The Pacman Projects are a collection of programming assignments designed to teach students fundamental concepts in artificial intelligence by applying them to Pacman. However, these projects aren't just about coding the AI for a video game character. Rather, they provide a foundation for real-world problems such as computer vision, natural language processing, robotics, etc.
Students are provided with infrastructure and graphics code that can run different Pacman-related programs. However, the crucial algorithms that give Pacman his intelligence have been removed. The student's job to fill in the missing code and make Pacman smart!
The projects were created at UC Berkeley and are shared with other universities. More information can be found at the UC Berkeley page.
First things first, Pacman must be able to navigate his world. I implemented breadth first, depth first, uniform cost, and A* search algorithms to help Pacman find dots and eat them efficiently.
With enemies added to the mix, I implemented minimax and expectimax searches to help Pacman eat dots while avoiding his ghost adversaries. This involved designing state evaluation functions. In addition, I implemented the alpha/beta pruning versions of these algorithms to improve search efficiency.
One assignment provides a Markov Decision Process for a simple gridworld with non-deterministic actions. I computed the expected utility of each state by implementing value iteration. Then, taking away the transition and reward functions, I calculated the optimal policy by implementing Q-learning.
The state space for a Pacman game is too large for exact Q-learning. Real-valued features are extracted from states, and Q-values are defined to be the dot product of this feature vector with a vector of weights. I implemented approximate Q-learning to learn these weights, adjusting them with each experience.
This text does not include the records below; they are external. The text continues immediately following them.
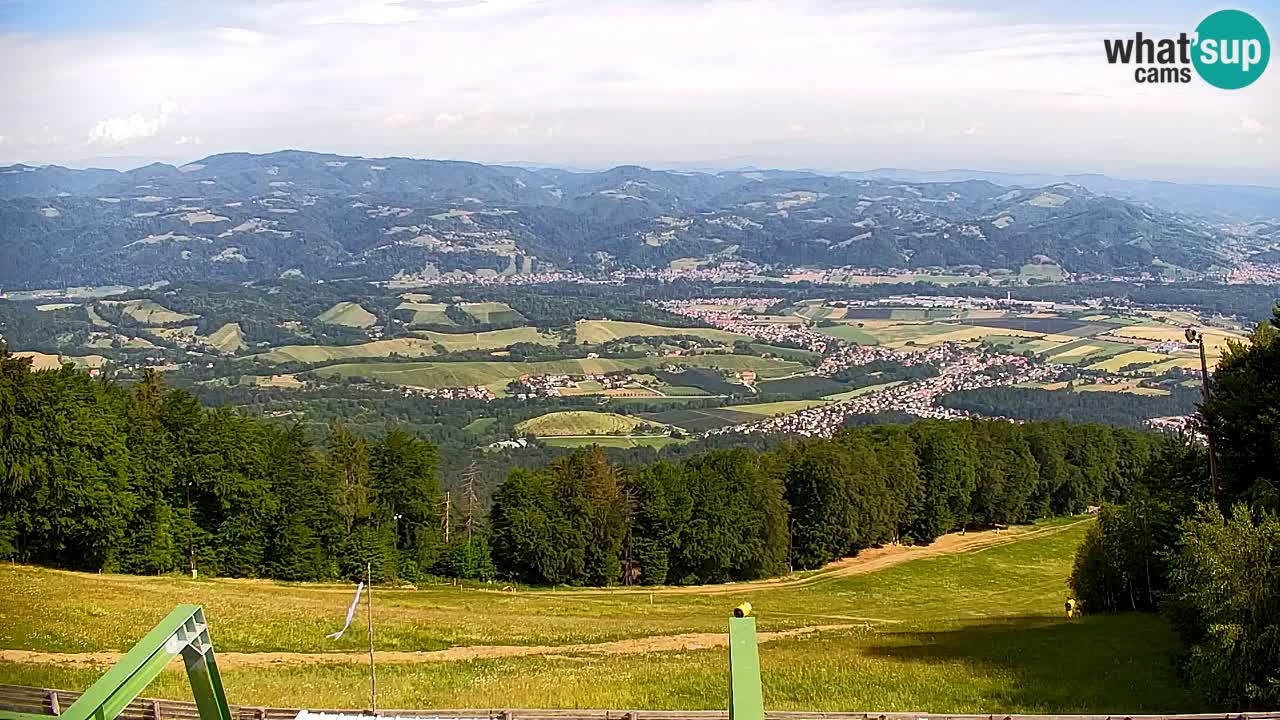 Webcam Pohorje | Station Sleme
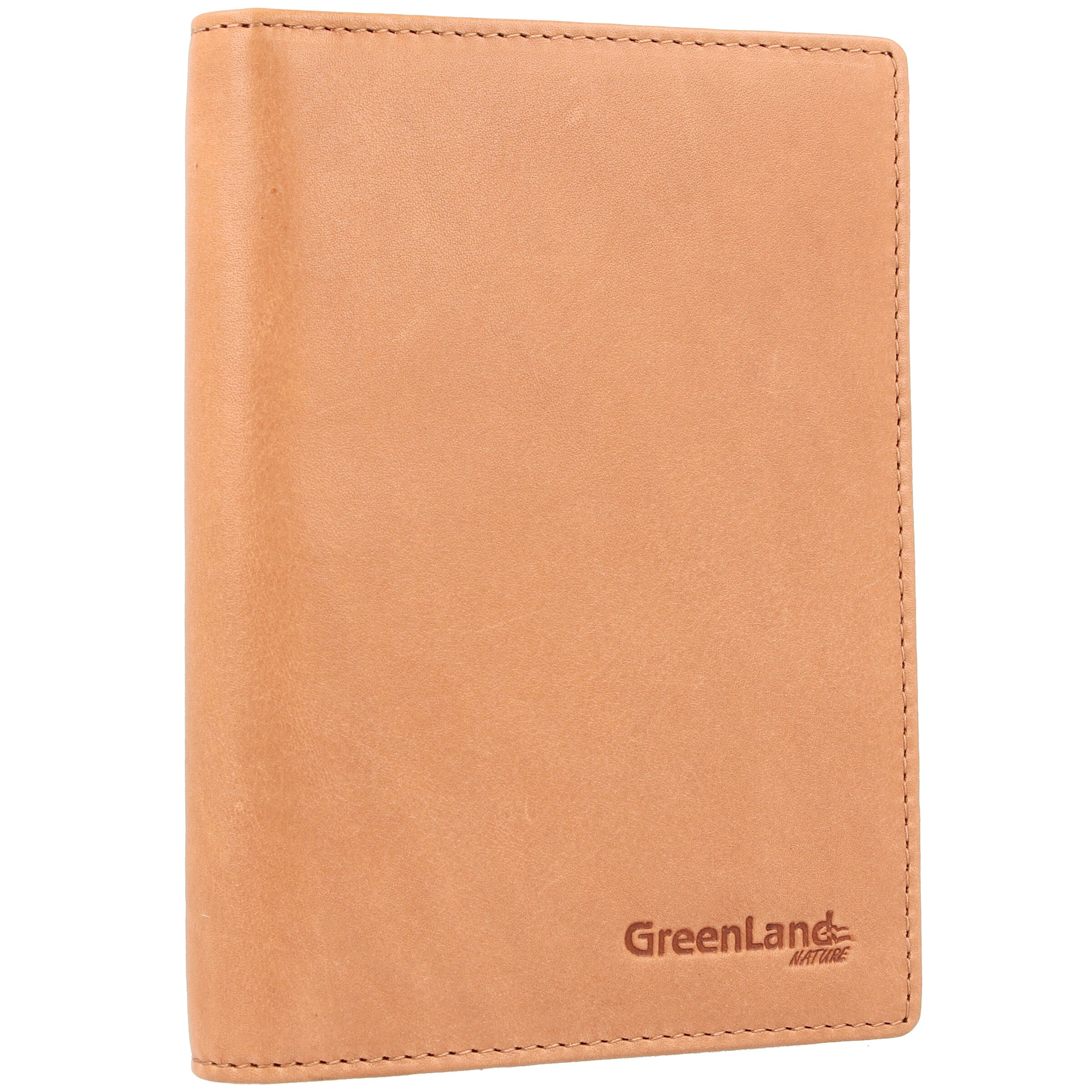Greenland Nature Wallet in Orange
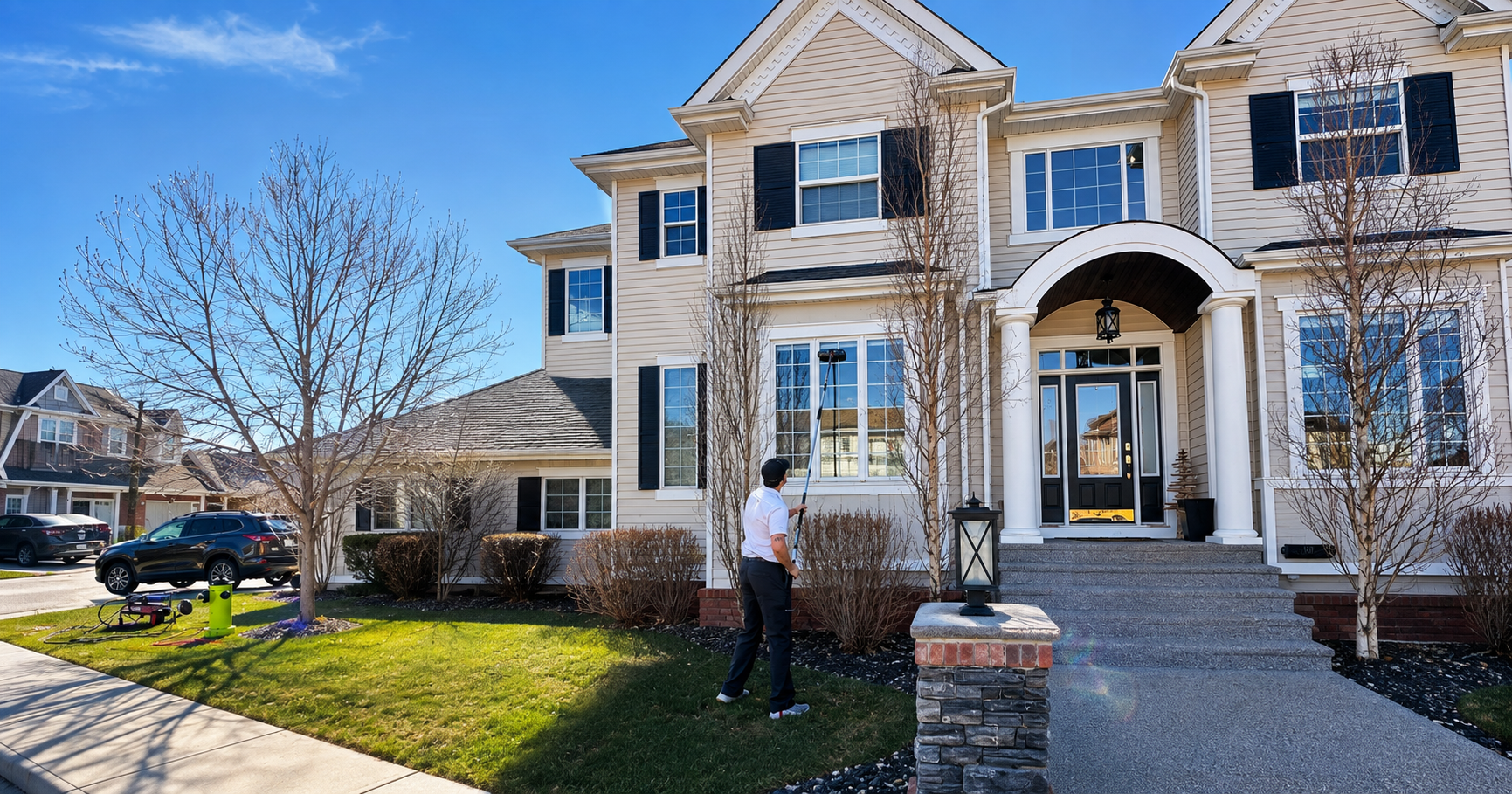 Fall Window Cleaning in Calgary: Why September Is the Perfect Time to Clean Your Glass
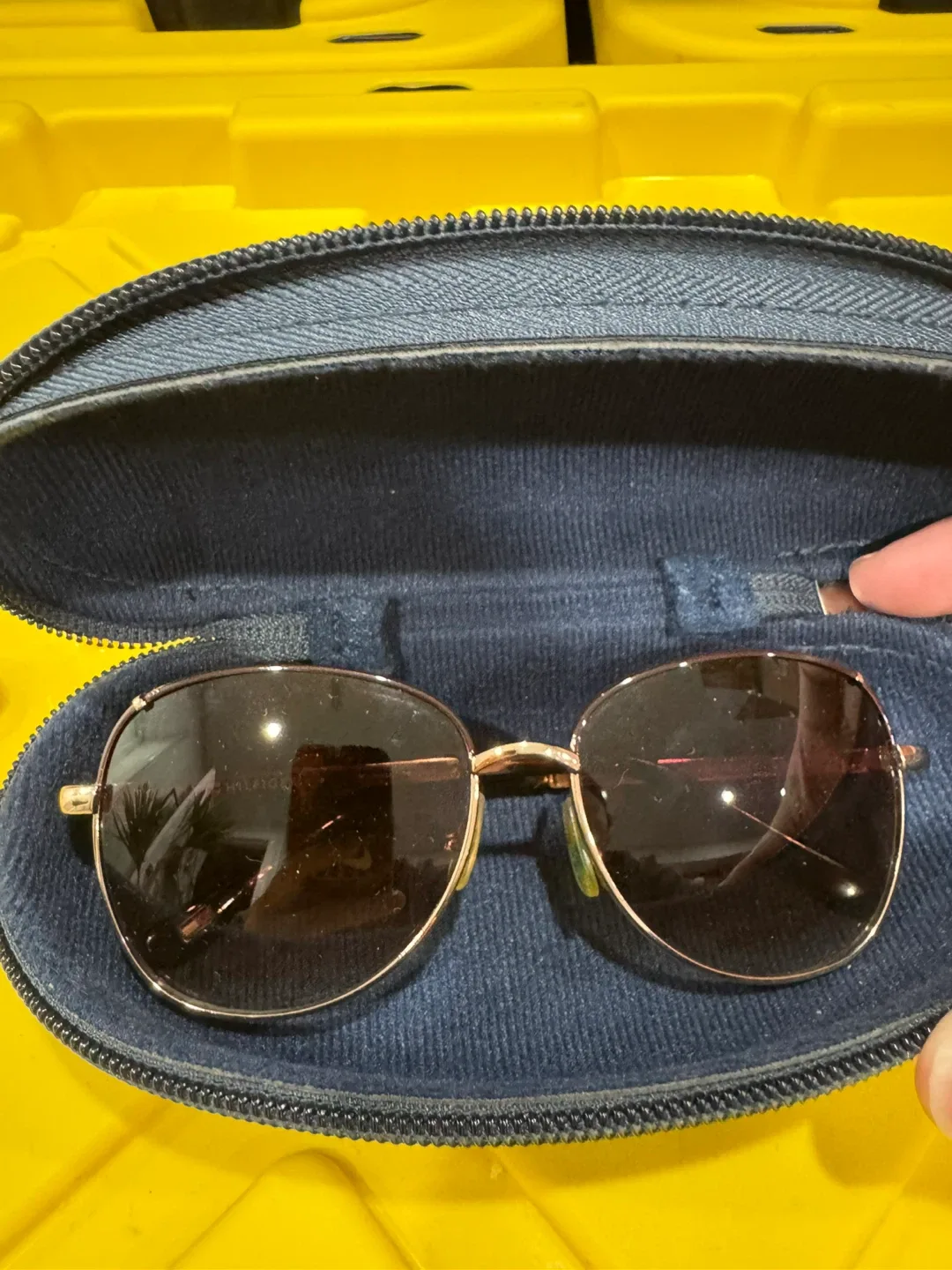 Tommy Hilfiger Sunglasses with Case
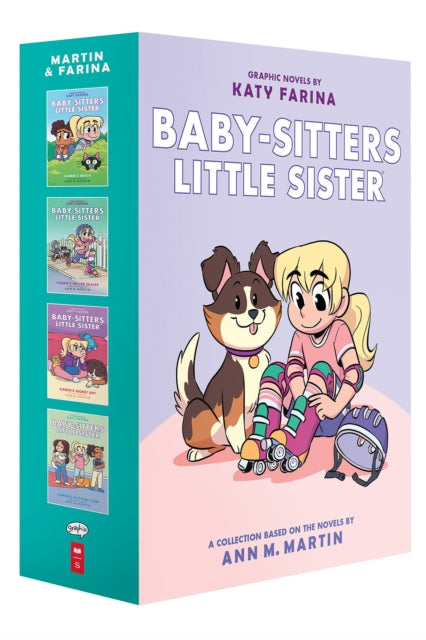Book cover of: BSCG: Little Sister Box Set: Graphix Books #1-4. By: Ann M. Martin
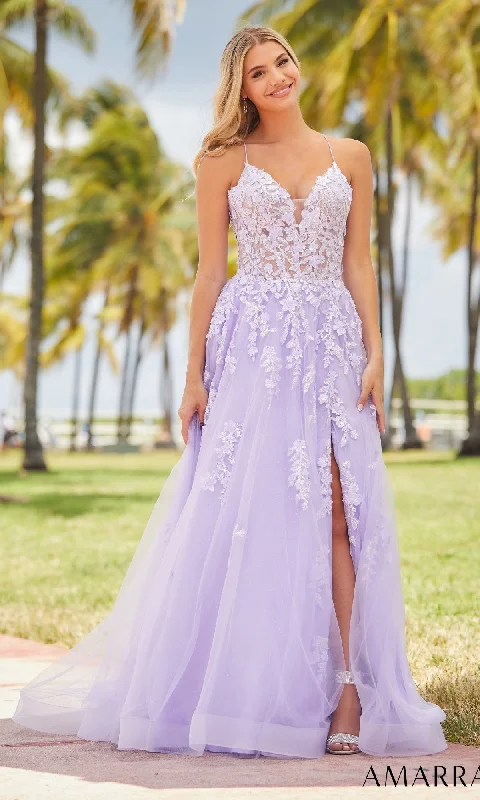 Long Prom Dress: Amarra 88624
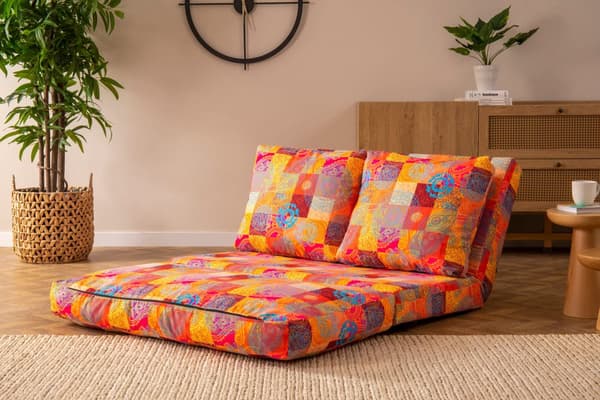 2-istuttava vuodesohva Taida - Patchwork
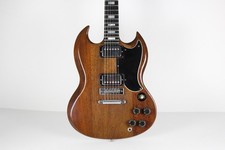 1974 Gibson SG Standard Vintage Cherry RED Faded Walnut 1950/50 FAT Neck 1970's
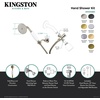 image:imageKingston Brass KX1053BD Victorian Hand Shower Kit Antique Brass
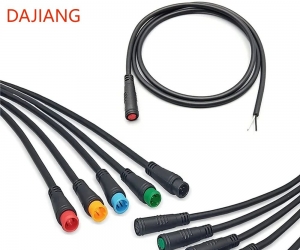 DAJIANG Customized Electric Scooter Bike 2-6 Pin M6 M7 M8 IP65 Waterproof Wire and Cable Connectors Male/Female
One assignment has Pacman chase ghosts he cannot see. Pacman receives noisy measurements of ghosts' distances. I implemented a tracking algorithm which maintains a belief state for each ghost being tracked. Belief states are updated with each observation and with each time lapse.
Sometimes the state space is too large to store. I implemented approximate inference with a joint particle filter algorithm. Each ghost action is influenced by the positions of the other ghosts, so resampling required querying a provided Bayes Net which describes the ghosts' transition function.
The final assignment is a month-long, open-ended competition. Students create their own AI for a team of Pacman agents to play capture the flag against each other. Success requires both technical ability and creativity.
The board is divided into red and blue halves. Agents are ghosts on their own side, where their job is to attack invading opponents and prevent them from eating dots. When agents cross over into enemy territory, they transform into Pacman and eat the opponent's dots. Whichever team eats all but 2 dots first wins.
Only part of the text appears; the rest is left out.